Private Classification


Suppose Alice owns a health insurance company which has developed a logistic regression model with weights \(w = (w_1,...,w_d)\) for checking whether a person qualifies for insurance. Bob wants to check whether he is eligible for insurance at Alice’s company, but does not want to reveal his personal medical data \(x = (x_1,...,x_d)\). In this article, we discuss how to use well-known cryptographic primitives to solve this problem.

The Function to Evaluate

Suppose \(w \cdot x > 0\) (where \(\cdot\) is the dot product between \(w\) and \(x\)) corresponds to Bob qualifying for health insurance and \(w\cdot x \leq 0\) corresponds to Bob not qualifying for health insurance. Alice and Bob want to compute the function \(f(w \cdot x)\). \(f(z)\) is the function which evaluates to \(1\) if \(z > 0\) and \(0\) if \(z \leq 0\).

Case 1: Alice’s Model is Not Proprietary

If Bob knows Alice’s model weights but does not want to reveal \(x\), he can submit a zero-knowledge proof that he knows an $x$ such that \(f(w \cdot x) = 1\), which Alice can then verify.

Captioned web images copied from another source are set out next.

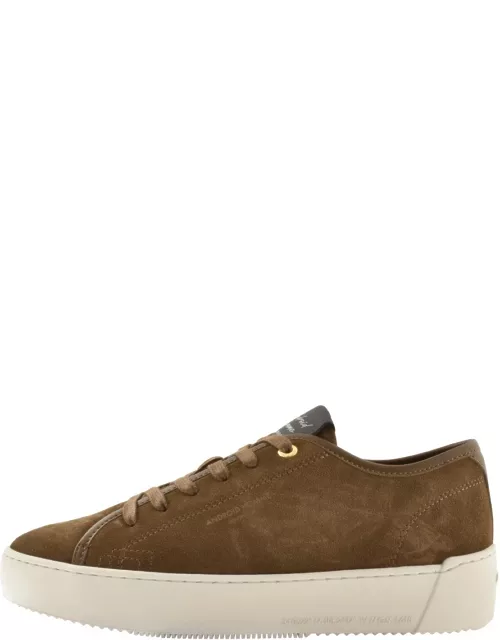 Android Homme Sorrento Trainers Brown
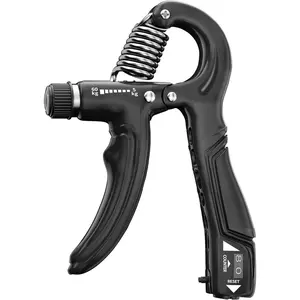 Hand Grip Strengthener with Adjustable Resistance, Wrist Strengthener, Forearm Gripper, Hand Workout Squeezer, Grip Strength Trainer, Hand Grip Exerciser for Men and Women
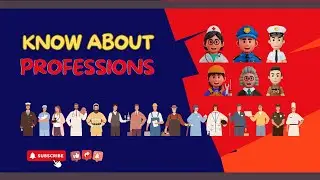 Let's learn about jobs | Educational Video | What Do You Do?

Stopping Bob from Fraudulent Behavior

What stops Bob from creating a zero-knowledge proof with respect to some arbitrary \(x\) instead of his actual medical data. This is where the blockchain comes in. Bob can have his doctor sign \(h(x)\) where \(h\) is a cryptographically secure hash function. Either Bob or his doctor can then post this signature on-chain. Alice then verifies this signed value as \(h(x)\) and \(h(x)\) serves as a public input to the zero-knowledge proof. In particular, Bob submits a zero-knowledge proof:

  • That he knows the pre-image \(x\) of \(h(x)\)
  • That \(f(w \cdot x) = 1\)

Stopping Alice from Fraudulent Behavior

Suppose Alice secretly hates Bob and even though his zero-knowledge proof indicates that he should qualify for health insurance, Alice rejects him. Again for this issue, we can use blockchains. We can require that Alice verify Bob’s proof in a smart contract so its evaluation is public. Then if Alice doesn’t follow the results of the verification she can be unequivocally blamed.

Case 2: Alice’s Model is Proprietary

In this case Alice and Bob want to evaluate \(f(w \cdot x)\) with Alice not revealing \(w\) and Bob not revealing \(x\). To do this, we have to make use of a cryptographic primitive known as secure two-party computation, which allows two parties to jointly compute a function without revealing their private inputs. We will cover the mathematics behind secure two-party computation in a later blog post.